Coming from a town that sees issues such as sexuality and diversity as taboo, Doherty has had to teach herself about the parts of the world that were not found in Weston. 

She read books about activists who challenged corporations and societal expectations, she read the writings of LGBTQIA+ people of color, news groups and visited chat rooms that housed discussions and threads written by queer and trans adults. She also learned about the privilege she had as a white person from a wealthy town who had access to well-funded public education. 

“I took out every book and every movie that the public library in my town had to offer. The librarians knew that I was queer before I actually figured out that I was queer. I did all the research,” Doherty said. 

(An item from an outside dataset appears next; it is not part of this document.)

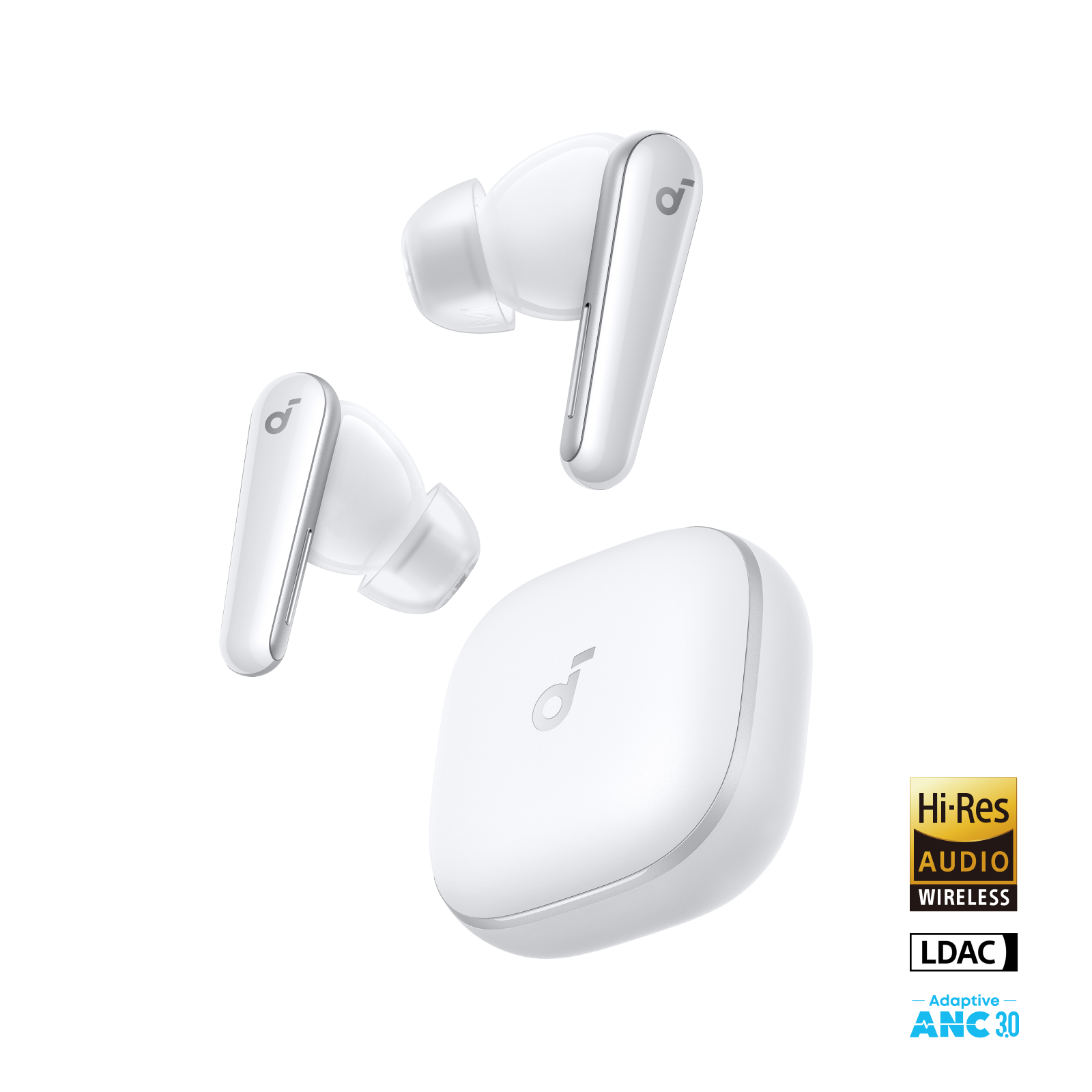 soundcore Liberty 5 | Noise Canciling Earbuds with Dolby 3D Audio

This learning continued when Doherty attended Cornell University as an undergrad. She lived in a multicultural living learning unit with other queer and trans people of color, in addition to cisgender and heterosexual people of color and a few other white students. 

“We did regular share outs about our different cultures and heritages and [we spoke about] where we came from and what we were proud of. [We shared] what we had questions about and the histories of our ancestors,” Doherty said.

When she finished undergrad with a double bachelors in women’s studies and sociology, she worked at the LGBT Resource Center at Cornell for five years. Once she moved on from there she went to grad school, then she followed opportunities to organize with various communities and work with students.

The LGBTQ+ Resource Center job at Ferris opened up at a time when Doherty was actively looking for a chance to get back into the field that she loves.

Leading up to this point, Doherty’s work has focused on students. She contributes part of this trend to lived experience. She was a queer student who struggled with mental health issues and turbulent family relationships. 

“My hope is that it’s useful to have access to the kinds of resources that I can set up and that I’m good at,” Doherty said. 

Discovering her queerness has allowed Doherty to further understand her place in the world and to identify the things she doesn’t like about it. Ever since she picked up that book about the two queer girls in love, she has been educating herself and others to make it so that other kids don’t go years without exposure to sexuality, diversity and other issues that affect the people in this world.